I got it from one of the spam sites mentioned in the "billion pages" thread, it was one of the first pages to come up on a site: query. Actually, I thought that was a semi-nonsense set of keywords, and not something you would actually optimise for. Shows what I know. True. But they have to at least try, or else they might as well shut up shop and start building a directory. All it would do is remove the most prominent spam sites, and ever so slightly increase costs for blackhats. So, more of a public relations exercise than anything else. I'm beginning to think that the survival of search engines will hinge on just one question: is there any way for a machine to distinguish grammatically correct but random nonsense from real information?
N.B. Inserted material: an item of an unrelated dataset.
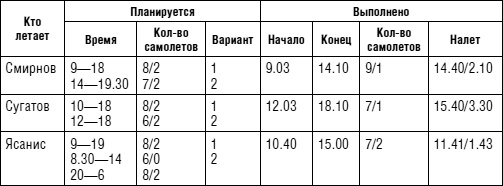 Иллюстрация к книге — Советский ас Григорий Речкалов, дважды Герой Советского Союза. Дневники, документы, воспоминания [i_041.jpg]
And: you should just check some major travel sites and you'll find them scoring in the top 10 in Google, while they have long lists of spammy links... keyword-repeating links and lists. But Google kicked lots of ethical sites... It seems like especially the small businesses, small sites, personal sites get hit and the big ones aren't that affected. Now I wonder if your post here could be considered as "spam" by Google? Is Google capable of telling that we're just talking about spam here and that you're not actually spamming? I guess not... I guess to fight spam better they have to look ad the visitor metrics. Signs up spam in Analytics might be: -very high bounce rate -very low avg. page views -very few returning visitors
Until this year, that would probably have been about correct. It's no longer true though. Their systems have now gotten close to the level of spam detection a human visitor could employ, and that's enough to weed out 99% of the crap. The other 1% will get spotted by being reported, or suspicious adsense activity, or unnatural link profiling. Blackhat... R.I.P.
Google is certainly getting smarter about that. Previously spam survived for quite a long time unnoticed but today its detected in quite a short period of time. Manual reviews are also playing an important role in this regard apart from the technological advancement and use of Artificial Intelligence.
Spammers are getting more and more sophisticated. I'm seeing more and more farmed hyper-spam content that's a more elevated version of spam. More words, better-built-up context, but still spam. I think Google is having a hard time fighting it.
What makes you say that? Do you have a keyword search that results in spammy SERPs? (A keyword search that could be used to make money, obviously).